We answer some of the more frequently asked questions. Please contact us if your question remains unanswered.
The draft Cannabis Legalisation and Control Bill details how the new cannabis law will look. A final bill will be released in early 2020.
Voters will be asked to vote yes or no to the question “Do you support the proposed Cannabis Legalisation and Control Bill?”
The bill prioritises public health and safety and introduces a government-licenced production and retail market. It sets limits on personal use and restricts sales to those over 20.
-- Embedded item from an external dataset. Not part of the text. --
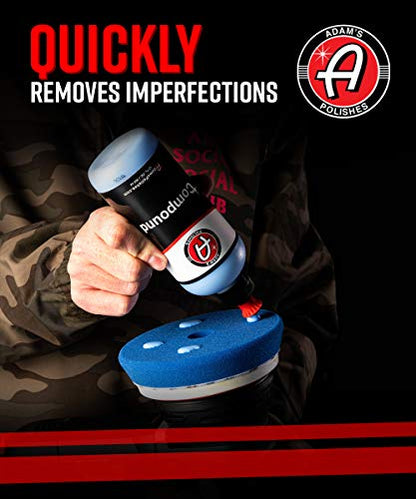 2 Step Polishing System 12oz Combo (2-Step System - No Pads)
Cannabis is the most commonly used illicit drug used in New Zealand. Fifteen percent of adults used cannabis in the past year, and 8.5 percent, or 330,000 adults, smoke cannabis at least monthly. Use is higher in Māori, young people and those in more deprived neighbourhoods.
In the last 10 years, 45,600 people were convicted of a cannabis offence, and 6,500 of those were sent to prison. In 2018, about 3,000 people received a conviction for cannabis offences in 2018, and around 60 percent of those were for low-level offences such as possession and use. The people convicted are mostly young, Māori, and male. Just one conviction has a major impact on someone’s life and their opportunities to get a job, travel and even credit.
Cannabis prohibition costs New Zealand a lot of money. In 2017/18 it cost $9.9 million to imprison people whose most serious offence was to do with cannabis – including 201 people on remand. The people on remand served a total of 10,804 days in prison, around 54 days per person.
Most people who use cannabis do so without causing much or any damage to themselves. But a small proportion experience negative impacts, and in some cases these can be severe. Impacts can include anxiety, depression, memory loss and mood swings. Cannabis can affect brain development and increase the risk of psychosis and other mental illnesses.
In other words, cannabis can cause harm - so our laws need to focus on reducing that harm, not increasing it as they do now.
Tightening public health regulations give our best chance at reducing cannabis-related harms. The Cannabis Control Bill proposes regulating potency, packaging, pricing and portion size. Public education campaigns will inform people about the harms from cannabis, and encourage people to consume less.
We might see overall cannabis use go up slightly, especially in the early days. Though, a year after Canada legalised cannabis, overall use is the same as before legalisation. And In US States which have legalised, cannabis use in young people has actually decreased.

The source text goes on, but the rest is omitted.